Add another ditto to trick modes. Once football season starts, not being able to pause, ff, rw and skip are going to get really, really irritating for us!


----------



## jamullian (May 7, 2004)

For me the #1 wish list item is native resolution pass through.

While the 622 does a passable job of upscaling, it can not be compared to the higher end A/V amplifiers like the Onkyo TX-NR905 for example that is on my wish list  

I would much rather pass through the native video signal to the A/V amp and have that do the upscaling to 1080 i or p.


----------



## lujan (Feb 10, 2004)

1) Trick modes accuracy

2) Resolution passthrough


----------



## bhodgins (Nov 29, 2005)

1) CC reliability
2) See #1


----------



## TBoneit (Jul 27, 2006)

Trick modes could be better, However I've adjusted to them and they are OK.

Buffering of the 30 Second skip button presses. At least on mine if I press it 5 times it won't jump 2.5 minutes. It seems to take the next press only after teh skip has happened.


----------



## Nick (Apr 23, 2002)

> What are your one or two pain points?


Knees and hips! :lol:


----------



## Calvin386 (May 23, 2007)

I don't even know what Trick mode is. Am I missing out on something?

Number one on my list would be native resolution passthrough. 

Tbone that would by my wife's number one. She taps that skip button like 5 times a second and it only skips once. It's actually slower when you tap it fast.


----------



## MikeHou (Oct 18, 2006)

Audio noise problems in DD 5.1 that necessitate leaving the rcvr in RCA mode except for a few "safe" channels.
When using side-by-side PIP and the "active" channel is one of the music channels, the banner that moves around like a screen saver should be restricted to one side of the screen. 

I'd like to put trick mode on the list, but trying to keep it short. Ask me after football season starts and I'll probably feel differently about it.


----------



## Creon007 (Mar 31, 2004)

1) Screensaver Hate It 
2) Trick modes accuracy


----------



## TiVoPrince (May 10, 2007)

*Faster recovery*
from loss of signal. Or at least an option to select from guide options immediately. I may not want to wait for the 129 signal to return, and switching to antenna/110/119 to continue my evenings entrtainment.

*Yes as a default*. Ability to make yes the default on things like delete recordings. If I chose delete, I probably wanted to delete it.

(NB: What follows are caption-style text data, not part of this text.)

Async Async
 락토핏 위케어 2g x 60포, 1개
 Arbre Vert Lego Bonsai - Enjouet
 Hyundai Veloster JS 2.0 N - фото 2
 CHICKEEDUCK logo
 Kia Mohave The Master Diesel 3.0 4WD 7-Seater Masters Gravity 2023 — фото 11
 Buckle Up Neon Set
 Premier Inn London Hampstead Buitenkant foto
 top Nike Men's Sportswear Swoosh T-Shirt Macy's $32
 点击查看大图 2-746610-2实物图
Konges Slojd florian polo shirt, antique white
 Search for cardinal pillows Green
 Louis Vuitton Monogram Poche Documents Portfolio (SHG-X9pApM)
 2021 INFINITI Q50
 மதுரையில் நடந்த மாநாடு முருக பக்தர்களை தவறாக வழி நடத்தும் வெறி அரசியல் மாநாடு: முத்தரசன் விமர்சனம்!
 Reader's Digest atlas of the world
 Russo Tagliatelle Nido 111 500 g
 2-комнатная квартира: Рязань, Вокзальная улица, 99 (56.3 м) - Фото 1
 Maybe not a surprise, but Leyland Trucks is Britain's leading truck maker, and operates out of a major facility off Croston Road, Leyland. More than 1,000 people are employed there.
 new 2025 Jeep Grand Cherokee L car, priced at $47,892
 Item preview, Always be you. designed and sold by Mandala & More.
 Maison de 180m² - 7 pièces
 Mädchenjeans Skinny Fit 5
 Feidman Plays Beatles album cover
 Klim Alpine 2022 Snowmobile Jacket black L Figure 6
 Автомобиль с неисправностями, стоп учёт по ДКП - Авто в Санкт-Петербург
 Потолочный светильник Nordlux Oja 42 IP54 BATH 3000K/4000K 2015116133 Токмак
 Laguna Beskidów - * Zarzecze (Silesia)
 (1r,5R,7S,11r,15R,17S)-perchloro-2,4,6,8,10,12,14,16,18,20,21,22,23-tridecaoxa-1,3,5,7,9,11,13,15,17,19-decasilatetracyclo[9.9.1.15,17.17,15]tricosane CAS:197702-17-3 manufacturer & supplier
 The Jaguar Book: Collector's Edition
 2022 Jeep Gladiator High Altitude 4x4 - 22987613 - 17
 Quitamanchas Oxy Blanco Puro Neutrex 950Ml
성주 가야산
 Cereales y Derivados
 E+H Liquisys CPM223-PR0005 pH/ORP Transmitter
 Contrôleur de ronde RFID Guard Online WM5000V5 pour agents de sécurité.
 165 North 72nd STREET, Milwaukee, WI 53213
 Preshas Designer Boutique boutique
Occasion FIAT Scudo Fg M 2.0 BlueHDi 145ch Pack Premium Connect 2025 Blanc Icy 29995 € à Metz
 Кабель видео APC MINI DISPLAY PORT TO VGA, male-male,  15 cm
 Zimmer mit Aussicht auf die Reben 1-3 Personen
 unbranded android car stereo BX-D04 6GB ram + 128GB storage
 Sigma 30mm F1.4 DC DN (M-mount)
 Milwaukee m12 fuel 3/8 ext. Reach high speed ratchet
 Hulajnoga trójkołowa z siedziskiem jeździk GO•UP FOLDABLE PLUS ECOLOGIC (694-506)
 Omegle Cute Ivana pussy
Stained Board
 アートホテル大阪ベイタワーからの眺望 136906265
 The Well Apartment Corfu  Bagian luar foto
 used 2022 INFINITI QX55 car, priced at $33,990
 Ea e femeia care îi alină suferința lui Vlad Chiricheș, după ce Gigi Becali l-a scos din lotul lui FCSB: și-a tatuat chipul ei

*Conflict resolution*, show me the items in conflict and let me choose from a list. The mysterious way it is done now can't be anyones first choice of method...


----------



## wje (Mar 8, 2006)

1) sticky pause
2) fix the audio volume shift between SD and HD


----------



## lpmiller (Mar 8, 2007)

1)if a recorded show has a signal breakup, I don't want a popup that takes up the the whole screen to tell me this, especially if it was a 2 second signal loss that means nothing. just put something at the bottom of the screen.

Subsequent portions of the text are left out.